US President Barack Obama is often easy to understand. He speaks clearly and precisely with a good grasp of most topics. Then he goes and compares the crusades with the militant group Islamic State (IS) and leaves many wondering if he understands this at all.
“Unless,” said Mr Obama at a recent speech, “we get on our high horse and think this is unique to some other place, remember that during the crusades and the inquisition, people committed terrible deeds in the name of Christ.”
Both Islam and Christianity do share a common ancestry, but their differences are profound. They are also impossible to notice if Mr Obama continues to insist on playing “who’s the worst killer?”.
The path each religion took diverged in early and important ways. There is a reason why Christianity is associated with the dominant system and Islam is not. That reason is reason.
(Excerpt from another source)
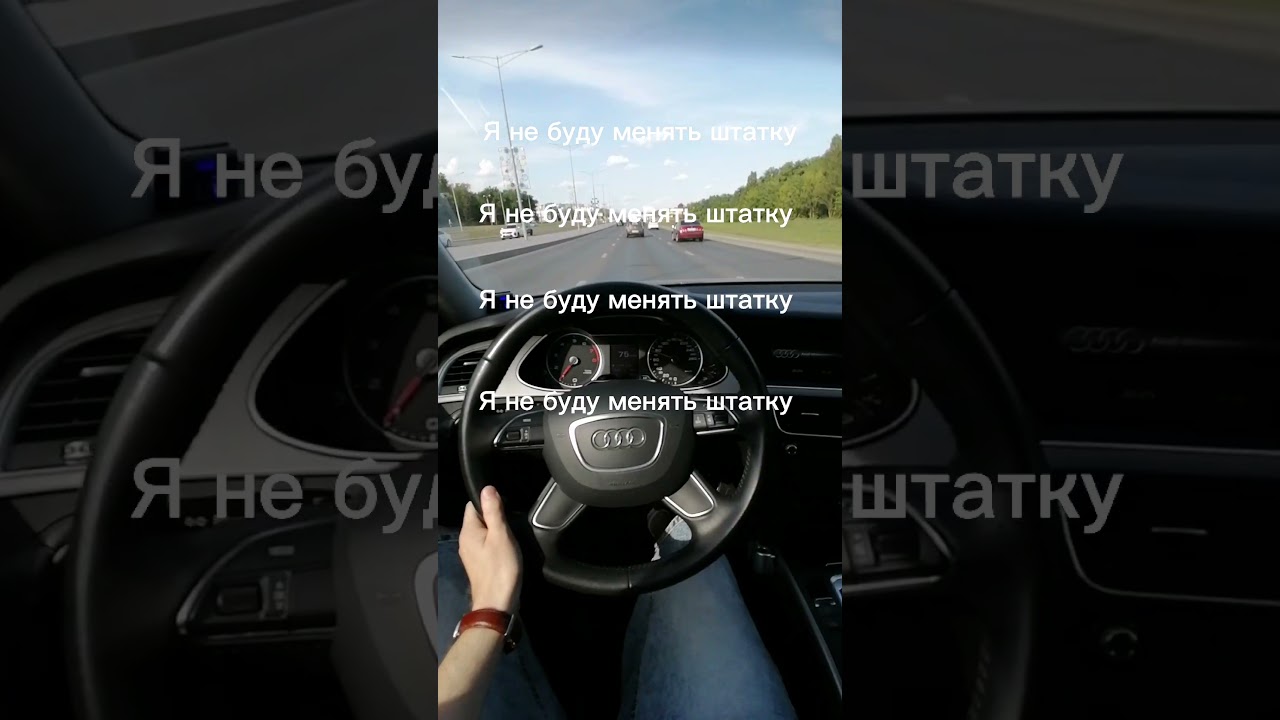 Автозвук Audi a4 b8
Christianity gained it, while Islam did not travel north. Let me explain.
Why do we still talk about Christianity today, fully 2000 years after it began? It is not because Christianity is objectively true, rather it was Christianity’s phenomenal ability to subsume the existing Greco-Roman system that made it so successful.
There were three successful ‘Desert Religions’: Judaism, Islam and Christianity. Despite being older, Judaism could not influence the Roman system because its structure does not compel adherents to proselytise. To become a Jew is difficult unless one is born into the religion. Conversion was never an overriding priority.
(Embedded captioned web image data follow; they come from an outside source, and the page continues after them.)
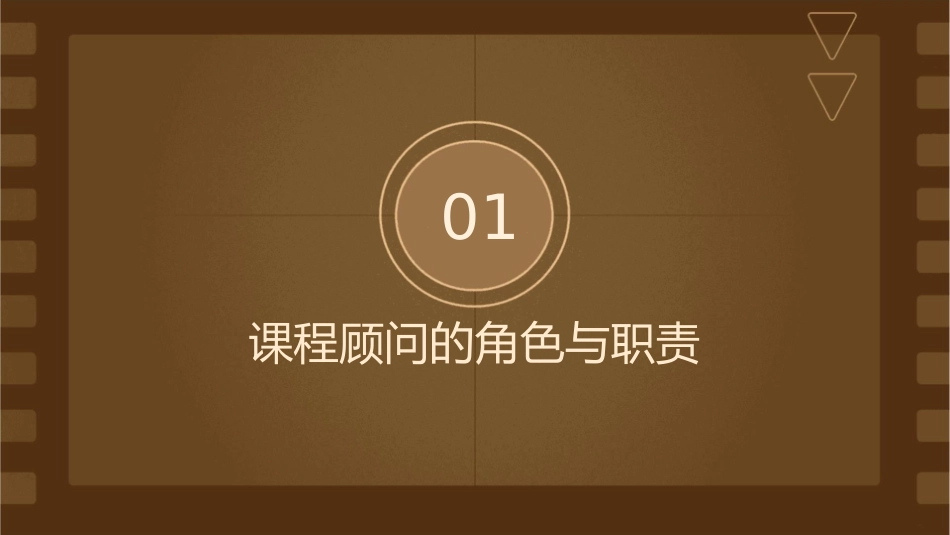 课程顾问培训通用课件_第3页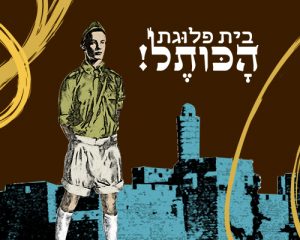 פיוטרד לבוחן באתר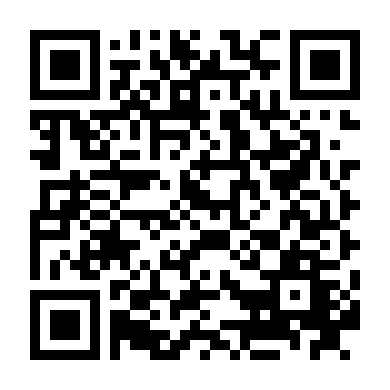 Chàng Trai Tuyệt Vời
By the time Western civilisation developed, Judaism was a marginal religion spread across the known world in small, isolated societies keeping mostly to themselves. It has remained largely that way ever since. However, both Christianity and Islam focused on conversion to thrive.
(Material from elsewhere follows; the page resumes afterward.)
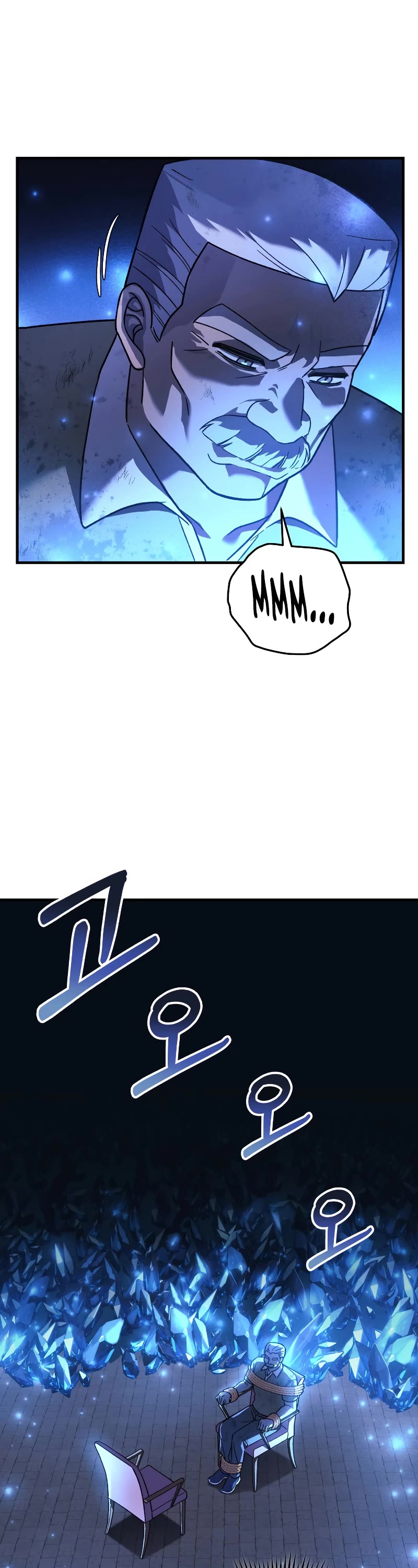 My Daughter is the Final Boss Chapter 85 page 21 - Chapter 85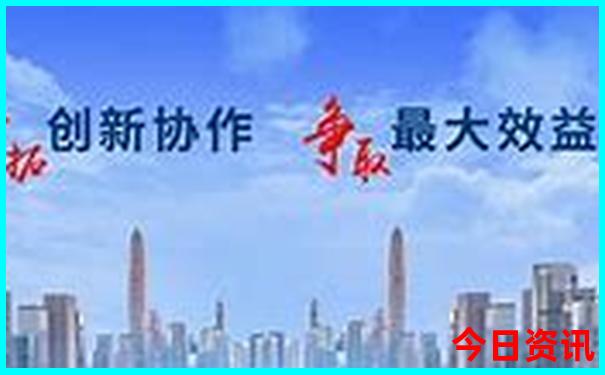 普者黑是什么地方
Each used the concept as central to its existence, instructing its followers to proselytise to the entirety of humanity. Those instructions spurred believers to experiment with the two religions, trying to fit them into the wider Greco-Roman culture. Christianity wasn't the best, but it went the right way.
Because more important than conversion was Christianity’s historical direction. It spread north into the Roman Empire by, crucially, stopping just long enough in Greece. In Greek culture, the concepts of rationalism and logic had already become part of the larger Roman system.
Greek logic was heavily influential on early Christianity with the writings of St Paul in the New Testament who repackaged the religion from an abstract mythology of pure spirituality and hero worship into a religion that could operate with the existing Roman system, rather than against it.
Paul argued for Christianity’s veracity, a simple process not repeated with Islam and Judaism. He knew how to speak the hegemonic language of the Roman and Greek cultures and how to manipulate those cultures to spread this new idea. Without Paul and his application of rationalism, Christianity could have floundered in its infancy. But there is a parallel to Christianity’s success.
Emperor Flavius Constantine was renowned for his superstition, experimenting with an allegiance to various gods in attempts to bring good fortune to his armies. His bouncing process of elimination is itself an artifact of the influence of Greek logic and rationalism on the dominant Roman system.
Constantine became emperor of Rome by defeating competitors Maxentius and Licinius in 324 AD. The crucial moment for Christianity was when the emperor expediently adopted the religion after the battle of Milvian Bridge where he fought rival emperor Maxentius’ much larger army.
Before the battle, Roman historian Eusebius describes Constantine’s hallucinatory vision, where, while marching at midday, "[he] saw with his own eyes in the heavens a trophy of the cross arising from the light of the sun, carrying the message, In Hoc Signo Vinces, or ‘with this sign, you will conquer’ ”.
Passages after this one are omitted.